▶ _Task goal_:
Using the records below, quote only the span that opens with the line containing "В Николаевском облсовете депутаты" and closes with the line containing "Maquette d'exposition entièrement", exactly and inclusively.

START Extracted entries

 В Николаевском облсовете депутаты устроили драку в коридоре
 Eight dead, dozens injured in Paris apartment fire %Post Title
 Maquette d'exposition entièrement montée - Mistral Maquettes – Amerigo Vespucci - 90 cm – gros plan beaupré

END Extracted entries
START Extracted entries

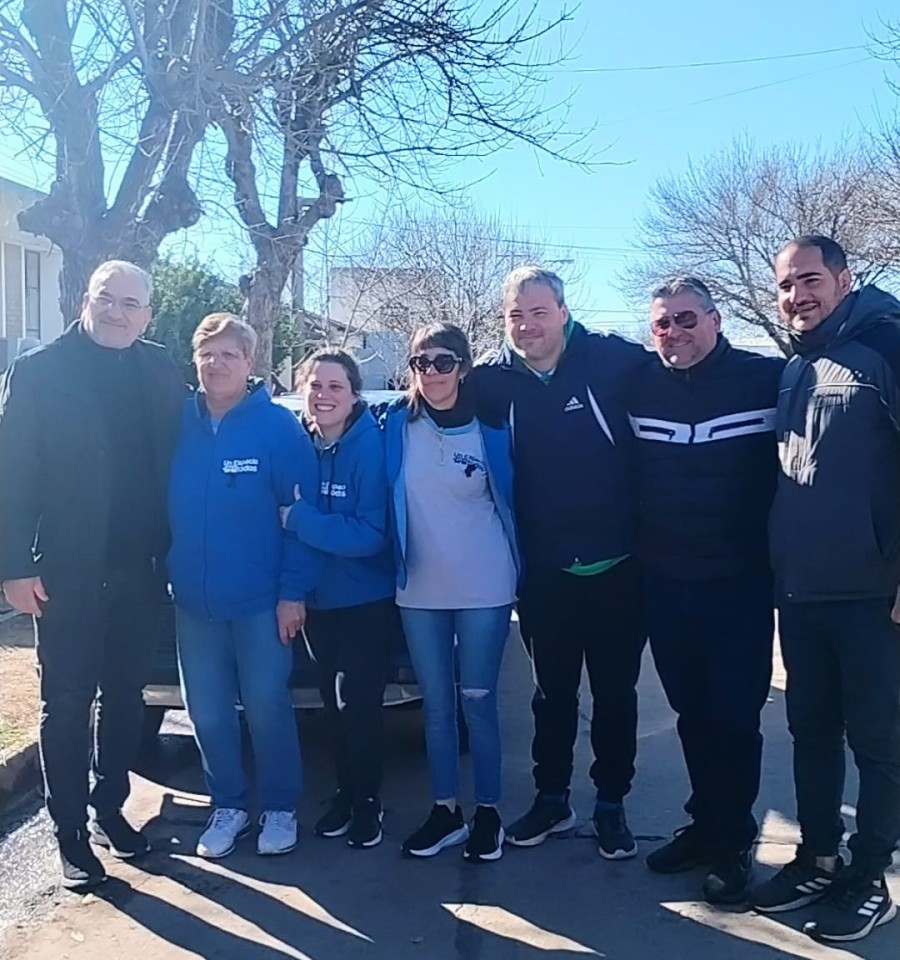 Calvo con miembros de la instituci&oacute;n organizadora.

END Extracted entries

▶ _Response_:
 В Николаевском облсовете депутаты устроили драку в коридоре
 Eight dead, dozens injured in Paris apartment fire %Post Title
 Maquette d'exposition entièrement montée - Mistral Maquettes – Amerigo Vespucci - 90 cm – gros plan beaupré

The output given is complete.